The ANU Alumni Series
Julie Melrose, National Campaign Manager at The Wilderness Society
Environmental lawyer and campaigner, Julie Melrose, left the ANU with a Juris Doctor (Honours) and Graduate Diploma of Legal Practice only a few years ago, and yet her CV shows an impressive range of experiences in activism, politics, law and policy. A former PARSA President and active advocate for the environment while at ANU, Melrose is currently the National Campaign Manager for The Wilderness Society Australia, and is the second person to feature in Woroni’s ANU Alumni Series.
What is it that led you to your current role?
I grew up exploring the Australian wilderness with my family, who are really into exploring, which is how I became passionate about protecting the environment. When this position came up at the Wilderness Society it aligned perfectly with my values, passion for wild places, and desire to work to protect them and to address threats like climate change.
From where did you come and why did you choose/get sent to ANU?
I did my undergraduate degree in International Studies at the University of Sydney, which is where I am from. While at Sydney Uni I started working in the Australian environment movement for a few different NGOs, and got to attend several UN climate conferences. I did heaps of travel in my undergrad years and got the travel bug, so I took a year off and went backpacking around Central America. I fell in love with the Caribbean, and so stayed and did my Divemaster training in Belize. After living on a small island for a while, something deep down told me I needed to come home and keep working as an activist. There was so much more to be done in my lifetime to help protect our precious environment. I wouldn’t have been able to keep diving in the beautiful ocean every day knowing how much everything I loved was under threat. But I knew I needed more skills to be able to make a real impact, which is why I decided to become an environmental lawyer. I remember I was sailing in the Caribbean when I climbed up the mast to call mum and found out I got the offer to study at ANU.

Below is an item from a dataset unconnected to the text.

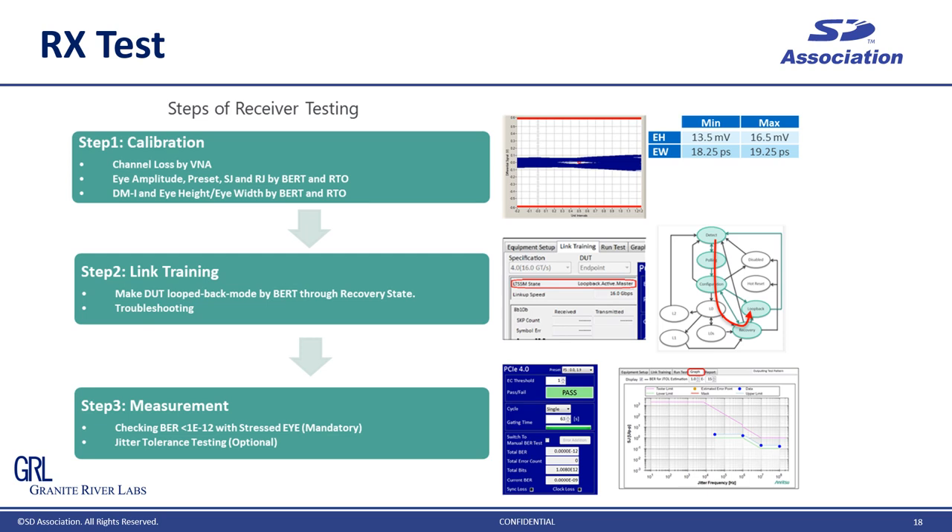This slide shows the test steps in RX test. In step one, the stress signal is calibrated precisely along the spec. The calibration has to be done properly to avoid overstress or understress to the receiver. Step two is link training — before the stress signal is sent to the DUT, the link between the DUT and the test instrument has to be established. Once link training is done, the receiver is ready to receive the data. In step three, finally, it's the measurement step: the BERT sends the impaired signal to the DUT along the spec and checks if the receiver receives the stress data properly. Each step has to be done right and follow the PCI Express test spec.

What did you love and hate the most about Canberra?
It couldn’t have been more of a contrast moving from living on an island in the Caribbean to living in Canberra, but to my surprise, I absolutely loved it. I loved how easy it was to meet like minded people who were into the same things as me. I took up mountain biking, joined the ANU Mountaineering Club, met heaps of new people through becoming involved in PARSA, and became more and more politically active in campaigns. I loved how Canberra felt like a community, and that I got to live and study with amazing friends from all over the world.
There’s not much I hated about Canberra, but I did resent the fact that the lake was not swimmable.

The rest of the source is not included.